Identifying People from their Writing Style

It’s called stylometry, and it’s based on the analysis of things like word choice, sentence structure, syntax and punctuation. In one experiment, researchers were able to identify 80% of users with a 5,000-word writing sample.

Download tools here, including one to anonymize your writing style.

Tags: anonymity, biometrics, de-anonymization, identification

Posted on January 24, 2013 at 1:33 PM • 30 Comments

Comments

redsnorf • January 24, 2013 1:52 PM

Does anybody know how easy or difficult it is to impersonate someone “stylometrically”?

Put another way, does stylometry assume authors are not actively trying to defeat it?

Dagny Taggart • January 24, 2013 2:31 PM

We could look at the way they send Morse Code to identify the operator, commonly referred to as the operator’s “fist” in Military Intelligence paralance.

B. Johnson • January 24, 2013 2:39 PM

This can’t be new. I remember this exact thing used as a plot point in some kind of TV procedural years ago.

And something similar was used on Dexter during the second(?) season when he culled various works for his manifesto and was called out on it because there were dozens of different authors.

Troy Mckee • January 24, 2013 2:41 PM

I wonder how hard it would be to use steganography and stylometry so that differences in writing style could be used to encode a message?

Marc • January 24, 2013 3:52 PM

@Troy Mckee – My understanding is that stylometry has been used in this way for centuries: in particular, an agent or correspondent can change his/her style to signal duress or suspected surveillance. This can be done either by including pre-chosen code words, or – if no such arrangement was made ahead of time – simply by writing in a style dramatically different from usual.

Marc • January 24, 2013 3:53 PM

@redsnorf – It’s relatively easy, depending on the target: remember the Bad Hemingway competition?

MJ McEvoy • January 24, 2013 4:19 PM

I can see where this might be more appropriate to source code than to letters.
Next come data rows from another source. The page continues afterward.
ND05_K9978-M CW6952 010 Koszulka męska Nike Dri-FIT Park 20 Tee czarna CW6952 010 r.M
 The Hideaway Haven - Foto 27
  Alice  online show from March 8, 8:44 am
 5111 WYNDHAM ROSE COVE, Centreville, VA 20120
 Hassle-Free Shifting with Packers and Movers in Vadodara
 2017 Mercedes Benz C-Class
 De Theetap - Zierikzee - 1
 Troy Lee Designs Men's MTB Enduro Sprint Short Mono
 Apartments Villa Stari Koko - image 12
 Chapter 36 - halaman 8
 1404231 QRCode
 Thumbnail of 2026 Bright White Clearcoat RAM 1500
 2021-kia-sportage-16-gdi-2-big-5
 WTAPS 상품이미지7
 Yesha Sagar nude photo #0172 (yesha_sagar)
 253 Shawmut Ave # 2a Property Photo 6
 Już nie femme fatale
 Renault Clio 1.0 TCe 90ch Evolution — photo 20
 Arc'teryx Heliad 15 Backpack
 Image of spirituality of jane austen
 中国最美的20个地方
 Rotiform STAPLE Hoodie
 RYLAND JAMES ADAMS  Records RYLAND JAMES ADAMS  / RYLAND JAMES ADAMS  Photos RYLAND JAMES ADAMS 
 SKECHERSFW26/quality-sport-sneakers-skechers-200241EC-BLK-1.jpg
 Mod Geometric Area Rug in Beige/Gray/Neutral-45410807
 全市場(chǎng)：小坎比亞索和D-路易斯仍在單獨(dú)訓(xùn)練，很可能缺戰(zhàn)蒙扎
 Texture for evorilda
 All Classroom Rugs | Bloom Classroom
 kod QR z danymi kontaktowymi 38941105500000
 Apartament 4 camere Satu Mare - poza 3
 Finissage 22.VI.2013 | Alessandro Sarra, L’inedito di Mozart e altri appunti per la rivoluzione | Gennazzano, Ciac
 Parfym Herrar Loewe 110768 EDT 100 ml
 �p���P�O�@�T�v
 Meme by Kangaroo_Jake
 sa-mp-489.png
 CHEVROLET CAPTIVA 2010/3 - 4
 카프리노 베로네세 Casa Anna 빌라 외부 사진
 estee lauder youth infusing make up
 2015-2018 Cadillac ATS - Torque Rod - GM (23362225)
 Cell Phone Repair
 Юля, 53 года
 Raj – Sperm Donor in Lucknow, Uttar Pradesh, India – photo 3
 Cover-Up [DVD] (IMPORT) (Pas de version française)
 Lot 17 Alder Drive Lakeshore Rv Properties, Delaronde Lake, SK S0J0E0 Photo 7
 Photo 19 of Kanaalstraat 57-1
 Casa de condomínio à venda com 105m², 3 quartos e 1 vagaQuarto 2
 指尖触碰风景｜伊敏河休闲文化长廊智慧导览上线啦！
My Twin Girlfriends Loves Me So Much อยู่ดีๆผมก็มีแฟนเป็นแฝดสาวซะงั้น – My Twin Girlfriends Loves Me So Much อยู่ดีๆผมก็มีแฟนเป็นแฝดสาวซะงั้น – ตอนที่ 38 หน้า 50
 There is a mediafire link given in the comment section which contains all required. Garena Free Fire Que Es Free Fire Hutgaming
I remember that I had a very different style of writing C and Perl than most of the others that worked with me, so much so that people could tell what pieces had been pulled from my code and what was written by others in the development team.

MingoV • January 24, 2013 4:52 PM

It isn’t new, and it’s just as overstated as previous studies. The 80% accurate identification rate applies only within the 5,000 subjects. The identification rate will plummet when the pool of writers expands to everyone who can write in English.

Godel • January 24, 2013 5:17 PM

@MingoV

The identification rate may improve when the pool of writers is reduced, such as when there is a specific group of suspects.

It’s always going to be unreliable, perhaps better used as an exculpatory process. If the suspect has a 90 IQ and the text has a high degree of literacy than it’s probably not them.

The usual simple method of anonymisation mentioned is to use Google Translate to change your text into different languages, then back again and clean up the obvious mistakes.

John David Galt • January 24, 2013 6:49 PM

Used as exculpatory, this sounds like a worthwhile innovation (and the other writers are right, it’s not new). But we’re fast becoming such a police state that I expect it soon to be used as “proof” of guilt.

Toor Useer • January 24, 2013 9:27 PM

“But we’re fast becoming such a police state that I expect it soon to be used as “proof” of guilt.”

Not soon, it happened a few years ago in Berlin, Germany. A scientist was arrested because the police said, he is a member of a group which burns down army stuff (i think they destroyed just trucks, cars and other vehicles).

One reason they said it, was because some words he was using in his publications, were in the writings of the anti army group.

Here are more informations. His wife made a blog about this:

http://annalist.noblogs.org/

http://de.wikipedia.org/wiki/Andrej_Holm

http://www.sowi.hu-berlin.de/lehrbereiche/stadtsoz/mitarbeiterinnen/a-z/holm

humblist • January 24, 2013 11:03 PM

Syntax,game,five words,logical

redsmurf • January 24, 2013 11:32 PM

It’s like in the Silver Linings Playbook movie, when the main character realizes the identity of a letter because another person often uses a certain phrase.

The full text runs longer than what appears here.